これはダークセルベの大理石壁と塗装仕上げの天井との隙間のコーキングを決めている様子です。全ての個所のコーキング色をこのようにして決め、また傷の補修箇所についても全てチェックを致しました。

約一週間の補修期間を経て、竣工お引渡し当日の様子です。

各種設備などの取扱い説明のために、多数の人が集まってくれていますが、左奥には当初この世田谷Y邸の担当設計者でしたが、お子さまが生まれて産休から育休に入っていたスタッフの竹田さんも赤ちゃんを抱っこしながら参加してくれました。

最初は、リネアタラーラの徳永さんにキッチンの取扱い説明をして貰いました。

続いては、同じリネアさんにお願いしたお隣の書斎部屋の使い勝手の説明です。

お次は、お馴染みの東京バススタイルの和久田さんにオーダーユニットバスの取扱い説明をして貰いました。中々ご希望の色味のタイルが見つからず、韓国から輸入したタイルを使って作って貰った浴室ですが、とても気に入って貰っており、和久田さんたちが苦労した甲斐がありました。

こちらの色味の指示間違いで、塗装し直してもらった主寝室のウォークインクローゼットの壁パネルは、何とかこの引渡しまでに間に合わせることができました。Yさまには本当にご心配をお掛けしてしまい、申し訳ありませんでした。WICの中では、電気工事の井上さんが、NASやLAN配線のことを説明してくれています。

天井カセット式エアコンはフィルターの自動清掃機能付きを選んで頂きましたが、使い方を僕らも青の斉藤さんや片岡さんも知らなかったので、井上さんに実演して貰いました。高い天井にセットした場合、スイッチを操作すると前面パネルが自動的に降りてきて、フィルターを清掃した際のホコリを取り去ることができるようになっていました。

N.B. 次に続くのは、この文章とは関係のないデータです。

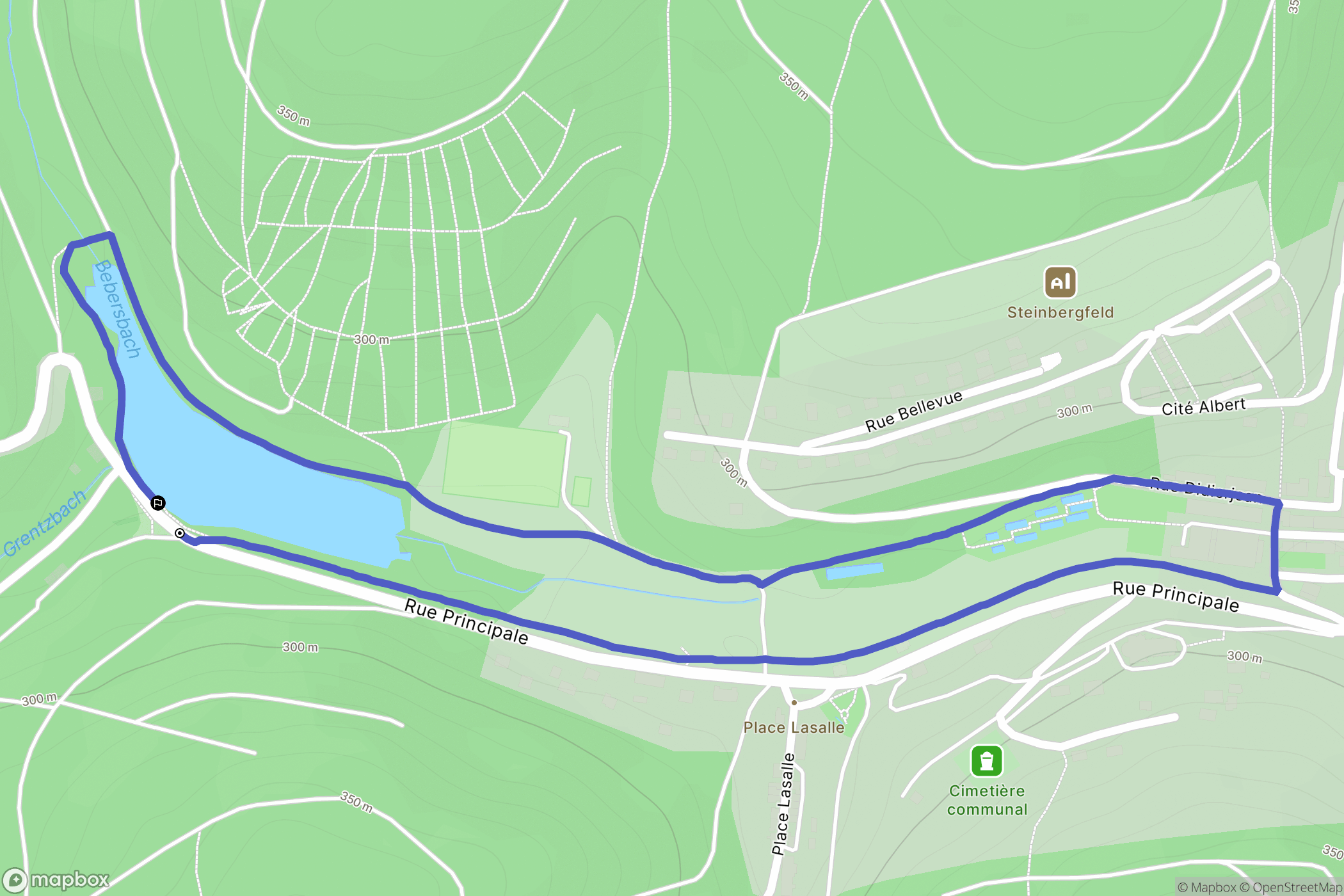 Saint-Louis-lès-Bitche : carte du parcours de randonnée - France
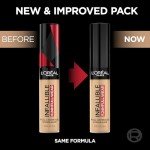 L'Oreal Paris Makeup Infallible Full Wear Waterproof Matte Concealer, Full Coverage, Eggshell, 0.33 fl. oz.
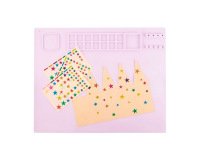 Tapis apli silicone anti-adhesif & anti-derapant  coloris lilas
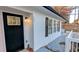 Black front door with a glass panel and white trim at 265 Line Sw Rd, Atlanta, GA 30331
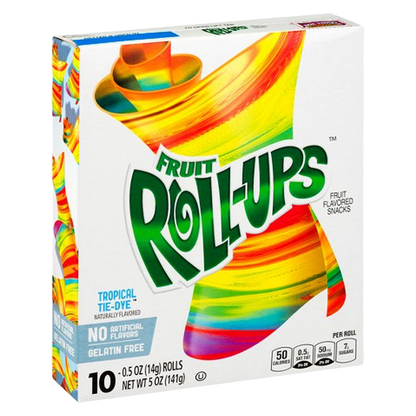 Fruit Roll Ups Tropical Tie Dye, 10 ct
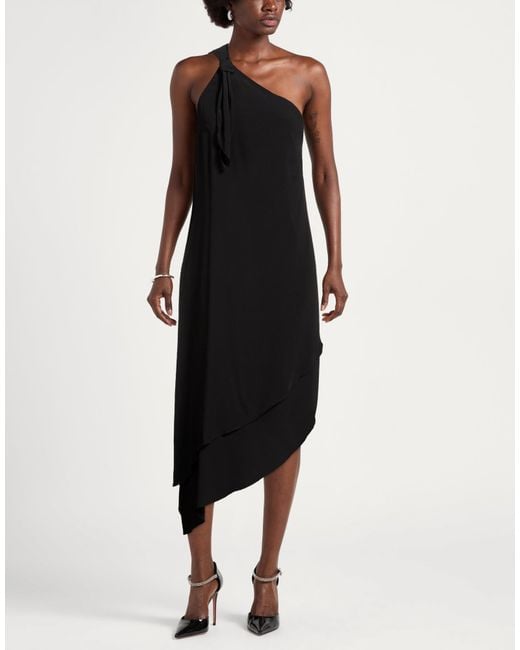 Carla G Black Midi Dress Acetate, Silk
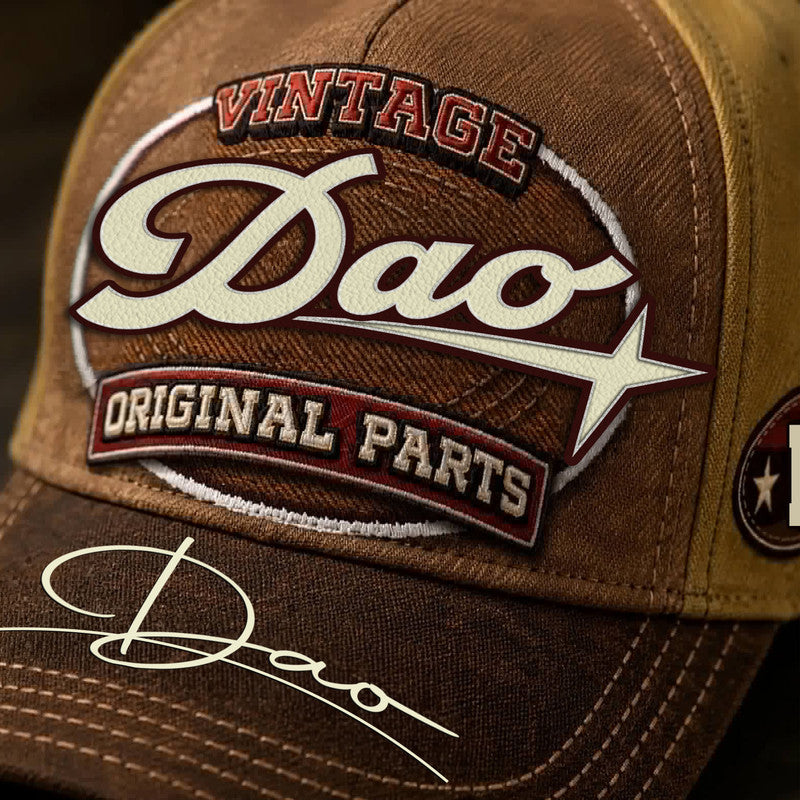 DAO TC02 HH79  Personalized Name Baseball Cap, Vintage Retro Hat, Custom Gift for Him & Her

電気配線やLAN配線、ステレオシステムに強い興味をお持ちのご主人さまは、玄関収納の中にある分電盤やルーターの位置なども確認してくださいました。

そうこうしているうちに、段々と外が暗くなってきたので、いよいよ本日のクライマックスの照明の説明とシューティングが始まりました。キッチンの背面壁にあるルートロンの取扱い説明をして貰いました。リビングダイニングだけで9系統の照明回路があるので、ルートロンのグラフィックアイQSを2台設置しています。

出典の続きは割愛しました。